More on dynamic consistency in CDT
One might intuit that any rationally choosable plan should be rationally implementable. In the previous post, I discussed a scenario in which some forms of CDT violate that principle. In this post, I have some more thoughts on how this can happen. I also consider some nearby principles and look at the conditions under which they might hold.
Plans and implementations
Throughout this post I'll assume that we are dealing with ideally rational agents with stable basic desires. We're interested in the attitudes such agents should take towards their options in simple, finite sequential choice situations where no relevant information about the world arrives in between the choice points.
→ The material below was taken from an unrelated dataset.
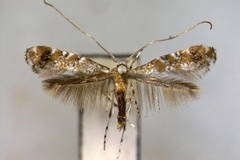Eumetriochroa hederae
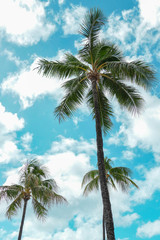 Fototapeta na wymiar Three Palm Trees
In this context, a plan is a proposition specifying an act for each choice point in the sequence. A plan is rationally choosable if it is a rational choice in a hypothetical decision problem in which the options are the possible plans. A plan is rationally implementable if at each choice point, the agent could rationally choose whatever the plan says she does at that point.
In the previous post, I considered the following principle. (This is the left-to-right direction of the principle I there called "Dynamic Consistency".)
(DC1) If a plan is rationally choosable then it is rationally implementable.
We found that an attractive form of CDT violates (DC1) in the following variant of a scenario from Ahmed (2014).
Newcomb Insurance With A Coin.
Stage 1. You face Newcomb's Problem, but with different monetary values. The transparent box is empty, the opaque box contains $100 iff you have been predicted to one-box. In addition to one-boxing and two-boxing, you have the option to toss a fair coin and let the outcome decide whether you'll one-box or two-box. The predictor can infallibly foresee your choice, but she can't foresee the outcome of the coin toss.
Stage 2. Before the content of the opaque box is revealed, you must bet on whether the predictor foresaw how many boxes you took. If you bet that the prediction was accurate, you get $25 if you're right and lose $75 if you're wrong; if you bet that the prediction was inaccurate, you get $75 if you're right and lose $25 if you're wrong.
Here is a decision matrix for the possible plans.
pred-1b | pred-2b | |
---|---|---|
1b & bet-acc | $100+$25 = $125 | $0-$75 = $-75 |
1b & bet-inacc | $100-$25 = $75 | $0+$75 = $75 |
2b & bet-acc | $100-$75 = $25 | $0+$25 = $25 |
2b & bet-inacc | $100+$75 = $175 | $0-$25 = $-25 |
rand & bet-acc | $125 if 1b else $25 = $75 | $-75 if 1b else $25 = $-25 |
rand & bet-inacc | $75 if 1b else $175 = $125 | $75 if 1b else $-25 = $25 |
The only rationally choosable plan is row 6. But when you face the individual choices, you should arguably one-box in stage 1 and bet on an accurate prediction in stage 2 – because that's the best equilibrium solution. We have a counterexample to (DC1).
Better options
A curious aspect of Newcomb Insurance With A Coin is that you do better if you face the individual choices than if you choose a plan. One might have thought that more control is always better. Not so here. If in stage 1, you had the power to "bind" your future choices, you should not make use of that power.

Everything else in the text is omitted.